In a post commenting on yesterday’s decision, SCOTUSblog publisher Tom Goldstein wrote, “It seems a shame to erect obstacles to access when organizations like ours share the values and further the goals of journalism. We reach a lot of people. No organization in the nation’s history has devoted nearly the resources we have in covering this important institution.”
Against that backdrop, let’s take a closer look at the Standing Committee’s decision and the events that led up to it.
A brief history
SCOTUSblog is not—and never has been—credentialed by the Supreme Court, which historically has given hard passes only to journalists and news organizations that have credentials from the Senate or White House (the White House, in turn, makes Senate credentials a prerequisite).
Goldstein approached the gallery in 2004, around the time he hired Lyle Denniston as SCOTUSblog’s lead reporter, to discuss whether the site could be credentialed. He said the gallery told him then and thereafter, for eight years, it would not be worthwhile to apply, for various reasons. Denniston uses his hard pass for WBUR, for which he also files stories, to report for SCOTUSblog.
In 2013, after the site secured its Bloomberg sponsorship and developed firewalls to separate the site from Goldstein’s law firm, the gallery credentialed SCOTUSblog. Goldstein later wrote that the Court declined to recognize that credential, saying instead it would review its credentialing policy. That review is ongoing.
Finally, two months ago, the Standing Committee rejected SCOTUSblog’s application for credentials—to renew Denniston’s pass and to obtain a second pass for Amy Howe, the site’s editor.
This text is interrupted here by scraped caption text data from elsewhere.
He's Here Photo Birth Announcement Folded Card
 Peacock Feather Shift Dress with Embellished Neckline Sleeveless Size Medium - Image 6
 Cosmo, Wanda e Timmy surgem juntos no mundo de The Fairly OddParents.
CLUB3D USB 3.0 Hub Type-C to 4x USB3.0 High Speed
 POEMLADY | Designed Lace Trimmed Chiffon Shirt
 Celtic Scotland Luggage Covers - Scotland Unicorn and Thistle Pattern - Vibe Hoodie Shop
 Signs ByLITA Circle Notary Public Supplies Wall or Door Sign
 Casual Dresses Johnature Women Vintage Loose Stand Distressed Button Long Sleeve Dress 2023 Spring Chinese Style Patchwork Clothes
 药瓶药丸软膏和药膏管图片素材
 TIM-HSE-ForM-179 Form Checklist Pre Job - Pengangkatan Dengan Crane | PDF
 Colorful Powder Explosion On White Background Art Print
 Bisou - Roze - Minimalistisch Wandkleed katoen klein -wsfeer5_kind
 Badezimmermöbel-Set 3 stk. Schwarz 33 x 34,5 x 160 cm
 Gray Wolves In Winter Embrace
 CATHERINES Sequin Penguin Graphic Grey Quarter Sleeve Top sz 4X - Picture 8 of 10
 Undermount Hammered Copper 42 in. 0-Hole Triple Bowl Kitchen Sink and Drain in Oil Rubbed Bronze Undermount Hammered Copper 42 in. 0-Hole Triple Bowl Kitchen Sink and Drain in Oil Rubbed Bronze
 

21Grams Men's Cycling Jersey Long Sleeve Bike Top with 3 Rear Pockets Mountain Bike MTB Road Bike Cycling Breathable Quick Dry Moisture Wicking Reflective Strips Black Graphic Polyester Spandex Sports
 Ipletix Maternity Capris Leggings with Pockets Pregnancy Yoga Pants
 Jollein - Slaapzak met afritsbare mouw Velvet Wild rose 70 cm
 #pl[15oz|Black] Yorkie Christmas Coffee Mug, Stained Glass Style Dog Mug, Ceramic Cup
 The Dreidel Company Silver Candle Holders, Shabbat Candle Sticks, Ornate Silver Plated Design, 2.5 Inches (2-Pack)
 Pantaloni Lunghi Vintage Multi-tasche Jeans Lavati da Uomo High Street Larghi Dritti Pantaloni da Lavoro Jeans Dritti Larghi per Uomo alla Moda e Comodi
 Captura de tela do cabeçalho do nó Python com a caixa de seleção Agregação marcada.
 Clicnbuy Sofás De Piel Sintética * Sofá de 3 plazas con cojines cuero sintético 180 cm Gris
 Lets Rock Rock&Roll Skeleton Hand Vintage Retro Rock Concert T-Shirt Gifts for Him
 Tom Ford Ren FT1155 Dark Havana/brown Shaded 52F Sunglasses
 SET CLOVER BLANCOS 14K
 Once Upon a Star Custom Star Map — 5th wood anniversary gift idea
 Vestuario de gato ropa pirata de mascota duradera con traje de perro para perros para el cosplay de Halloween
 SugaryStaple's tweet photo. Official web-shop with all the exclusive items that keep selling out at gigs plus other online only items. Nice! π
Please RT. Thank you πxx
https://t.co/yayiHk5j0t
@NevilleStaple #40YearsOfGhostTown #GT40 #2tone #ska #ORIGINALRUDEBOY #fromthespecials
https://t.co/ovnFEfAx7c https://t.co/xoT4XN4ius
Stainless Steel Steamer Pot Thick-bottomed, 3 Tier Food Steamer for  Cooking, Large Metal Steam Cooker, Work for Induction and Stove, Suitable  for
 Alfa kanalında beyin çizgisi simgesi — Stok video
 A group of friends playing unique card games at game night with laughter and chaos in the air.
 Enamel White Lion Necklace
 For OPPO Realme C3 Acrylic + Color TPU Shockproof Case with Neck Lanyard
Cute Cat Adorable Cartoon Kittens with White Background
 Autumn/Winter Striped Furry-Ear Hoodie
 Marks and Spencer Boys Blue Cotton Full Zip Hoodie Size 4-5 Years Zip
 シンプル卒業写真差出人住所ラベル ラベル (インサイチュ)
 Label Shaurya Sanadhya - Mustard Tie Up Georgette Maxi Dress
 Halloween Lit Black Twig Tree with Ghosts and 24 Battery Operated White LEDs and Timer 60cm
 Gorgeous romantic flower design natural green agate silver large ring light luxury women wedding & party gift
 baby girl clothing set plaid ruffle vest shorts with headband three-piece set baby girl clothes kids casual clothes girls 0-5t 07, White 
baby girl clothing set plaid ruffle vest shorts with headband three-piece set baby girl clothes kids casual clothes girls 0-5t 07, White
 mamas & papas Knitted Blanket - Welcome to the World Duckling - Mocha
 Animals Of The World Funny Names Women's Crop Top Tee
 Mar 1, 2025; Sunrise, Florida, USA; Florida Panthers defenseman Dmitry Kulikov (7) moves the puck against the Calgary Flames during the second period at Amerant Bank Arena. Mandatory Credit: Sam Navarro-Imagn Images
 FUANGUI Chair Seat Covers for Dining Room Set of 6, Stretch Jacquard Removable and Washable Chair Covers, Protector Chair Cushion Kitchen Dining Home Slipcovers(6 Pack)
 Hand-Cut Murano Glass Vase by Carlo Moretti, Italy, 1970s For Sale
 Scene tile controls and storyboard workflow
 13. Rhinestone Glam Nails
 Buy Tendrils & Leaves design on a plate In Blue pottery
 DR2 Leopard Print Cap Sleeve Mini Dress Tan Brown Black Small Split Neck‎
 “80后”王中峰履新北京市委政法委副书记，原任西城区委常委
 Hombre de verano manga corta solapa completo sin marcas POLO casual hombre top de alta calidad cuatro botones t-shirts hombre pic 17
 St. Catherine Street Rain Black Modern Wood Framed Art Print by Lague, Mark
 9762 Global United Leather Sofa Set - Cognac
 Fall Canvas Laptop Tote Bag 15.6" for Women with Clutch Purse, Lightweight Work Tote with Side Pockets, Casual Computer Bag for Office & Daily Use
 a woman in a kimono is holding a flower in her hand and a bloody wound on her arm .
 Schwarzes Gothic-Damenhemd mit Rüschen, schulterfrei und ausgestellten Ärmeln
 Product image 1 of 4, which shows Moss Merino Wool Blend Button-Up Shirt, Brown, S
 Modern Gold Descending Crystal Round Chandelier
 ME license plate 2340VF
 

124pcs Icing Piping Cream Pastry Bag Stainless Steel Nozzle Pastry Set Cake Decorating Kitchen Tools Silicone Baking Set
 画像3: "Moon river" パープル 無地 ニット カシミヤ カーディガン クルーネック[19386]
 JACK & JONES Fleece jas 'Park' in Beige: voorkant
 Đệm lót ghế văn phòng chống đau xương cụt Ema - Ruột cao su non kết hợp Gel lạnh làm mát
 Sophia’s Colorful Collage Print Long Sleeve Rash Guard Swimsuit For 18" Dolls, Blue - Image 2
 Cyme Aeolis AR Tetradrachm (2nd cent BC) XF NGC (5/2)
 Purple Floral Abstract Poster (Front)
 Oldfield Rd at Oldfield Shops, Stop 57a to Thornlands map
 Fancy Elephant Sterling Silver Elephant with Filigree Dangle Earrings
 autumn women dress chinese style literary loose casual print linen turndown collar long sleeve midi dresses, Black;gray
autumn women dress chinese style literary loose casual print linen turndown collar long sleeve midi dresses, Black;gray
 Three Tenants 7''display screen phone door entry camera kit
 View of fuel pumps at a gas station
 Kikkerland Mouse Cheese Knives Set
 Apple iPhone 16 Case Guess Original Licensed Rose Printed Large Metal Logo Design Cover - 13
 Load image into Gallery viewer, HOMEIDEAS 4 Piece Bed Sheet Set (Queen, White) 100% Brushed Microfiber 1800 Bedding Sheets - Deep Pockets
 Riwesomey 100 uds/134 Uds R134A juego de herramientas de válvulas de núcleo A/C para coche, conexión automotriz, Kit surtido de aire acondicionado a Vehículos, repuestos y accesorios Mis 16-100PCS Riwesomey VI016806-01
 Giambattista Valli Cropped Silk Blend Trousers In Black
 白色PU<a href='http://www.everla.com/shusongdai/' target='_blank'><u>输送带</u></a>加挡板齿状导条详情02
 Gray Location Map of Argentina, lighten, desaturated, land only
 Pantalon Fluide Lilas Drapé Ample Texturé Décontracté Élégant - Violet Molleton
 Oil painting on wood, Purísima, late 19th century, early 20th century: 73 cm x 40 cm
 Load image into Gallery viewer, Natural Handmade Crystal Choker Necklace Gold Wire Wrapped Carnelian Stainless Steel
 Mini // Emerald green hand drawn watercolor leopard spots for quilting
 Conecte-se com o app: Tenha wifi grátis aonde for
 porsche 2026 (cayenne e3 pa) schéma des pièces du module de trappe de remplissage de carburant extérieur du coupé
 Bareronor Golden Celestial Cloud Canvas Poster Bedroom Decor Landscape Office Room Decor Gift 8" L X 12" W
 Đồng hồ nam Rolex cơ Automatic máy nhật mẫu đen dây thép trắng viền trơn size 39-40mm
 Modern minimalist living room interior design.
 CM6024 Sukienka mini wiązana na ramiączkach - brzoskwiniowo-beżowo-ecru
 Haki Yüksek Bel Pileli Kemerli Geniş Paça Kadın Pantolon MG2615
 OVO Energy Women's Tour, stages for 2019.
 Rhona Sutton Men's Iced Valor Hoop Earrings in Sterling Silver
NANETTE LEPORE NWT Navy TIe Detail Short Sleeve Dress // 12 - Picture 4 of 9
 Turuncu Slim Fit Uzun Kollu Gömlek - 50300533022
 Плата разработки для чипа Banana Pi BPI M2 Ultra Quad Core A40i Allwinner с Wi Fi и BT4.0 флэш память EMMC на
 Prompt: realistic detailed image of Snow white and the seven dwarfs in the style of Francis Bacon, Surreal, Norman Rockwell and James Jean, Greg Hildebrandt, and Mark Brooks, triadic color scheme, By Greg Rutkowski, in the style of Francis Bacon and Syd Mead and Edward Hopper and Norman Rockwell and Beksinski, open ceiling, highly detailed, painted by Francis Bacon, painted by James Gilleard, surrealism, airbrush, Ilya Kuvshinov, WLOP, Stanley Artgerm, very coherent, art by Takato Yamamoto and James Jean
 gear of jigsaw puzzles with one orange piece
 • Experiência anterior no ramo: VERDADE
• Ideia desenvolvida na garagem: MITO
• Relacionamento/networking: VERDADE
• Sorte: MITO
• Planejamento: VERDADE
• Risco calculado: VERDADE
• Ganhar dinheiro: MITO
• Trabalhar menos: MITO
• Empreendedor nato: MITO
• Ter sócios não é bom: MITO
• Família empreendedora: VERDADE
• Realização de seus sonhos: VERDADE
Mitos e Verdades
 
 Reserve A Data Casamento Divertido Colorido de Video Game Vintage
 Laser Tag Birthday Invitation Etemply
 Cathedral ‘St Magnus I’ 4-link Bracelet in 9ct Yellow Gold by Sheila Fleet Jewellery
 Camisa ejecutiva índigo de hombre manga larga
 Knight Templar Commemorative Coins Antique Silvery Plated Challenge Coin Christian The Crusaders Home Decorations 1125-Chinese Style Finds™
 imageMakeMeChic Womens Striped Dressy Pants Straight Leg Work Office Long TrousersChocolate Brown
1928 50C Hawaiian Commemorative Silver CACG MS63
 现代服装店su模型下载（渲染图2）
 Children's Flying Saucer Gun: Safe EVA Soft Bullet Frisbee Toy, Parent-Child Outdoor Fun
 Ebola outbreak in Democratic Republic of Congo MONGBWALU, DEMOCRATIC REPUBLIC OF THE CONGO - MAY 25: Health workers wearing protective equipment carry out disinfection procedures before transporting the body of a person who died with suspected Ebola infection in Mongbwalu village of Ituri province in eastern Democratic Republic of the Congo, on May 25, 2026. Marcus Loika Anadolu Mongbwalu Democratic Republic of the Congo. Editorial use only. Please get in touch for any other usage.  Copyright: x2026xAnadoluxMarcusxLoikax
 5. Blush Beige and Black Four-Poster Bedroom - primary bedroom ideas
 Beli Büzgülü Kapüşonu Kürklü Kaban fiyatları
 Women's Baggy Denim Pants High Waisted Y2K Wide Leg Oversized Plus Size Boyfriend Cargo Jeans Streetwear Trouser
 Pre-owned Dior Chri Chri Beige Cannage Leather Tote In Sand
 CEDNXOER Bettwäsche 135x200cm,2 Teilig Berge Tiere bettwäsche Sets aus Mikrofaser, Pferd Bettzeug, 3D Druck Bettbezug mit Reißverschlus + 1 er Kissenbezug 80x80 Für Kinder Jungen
Goldstein asked the gallery to reconsider its decision, which it did not explain, at its May meeting—and things got interesting.
The appeal hearing
Goldstein appeared alongside Denniston, for 90 minutes, at the Standing Committee’s meeting May 23 to petition for a credential and answer questions. Committee chairwoman Siobhan Hughes, of The Wall Street Journal, opened the hearing by saying the gallery doesn’t “make decisions based on popular pressure” and that she “personally” feels “great pressure to get this right.”
Hughes also said the burden of proof is on the applicant and that “we have to feel satisfied that the applicant and his or her publication both qualify” under the credentialing rules. However, she did not explain the burden—the necessary extent of the satisfaction—at the hearing or otherwise, a notable omission because it’s not enough to say the burden is on one party if that party doesn’t know how far he must go to meet the burden.
For her part, gallery director Laura Lytle, who doesn’t serve on the committee, told CJR at the hearing that written rules govern the committee’s decision-making process—but in emails later she described the rules as “informal” and unwritten. [Update: After this article was published Lytle contacted CJR to emphasize that the committee has written rules, but not written rules governing the appeals process. CJR’s initial query about whether written rules govern the appeals process was not clear to her, she said.]
During the hearing, the committee members—Peter Urban, of Stephens Media; Colby Itkowitz, of The Washington Post; Kate Hunter, of Bloomberg; Emily Ethridge, of CQ/Roll Call; and Hughes—devoted most of their questions to editorial independence. Goldstein’s dual ownership of the blog and firm, and his role at each, was clearly a concern. Several times, Goldstein likened himself to media owners, such as Jeff Bezos, who wear multiple hats that are not all journalistic. In response, Itkowitz said Bezos isn’t the Post’s publisher, and Amazon employees aren’t writing for the paper.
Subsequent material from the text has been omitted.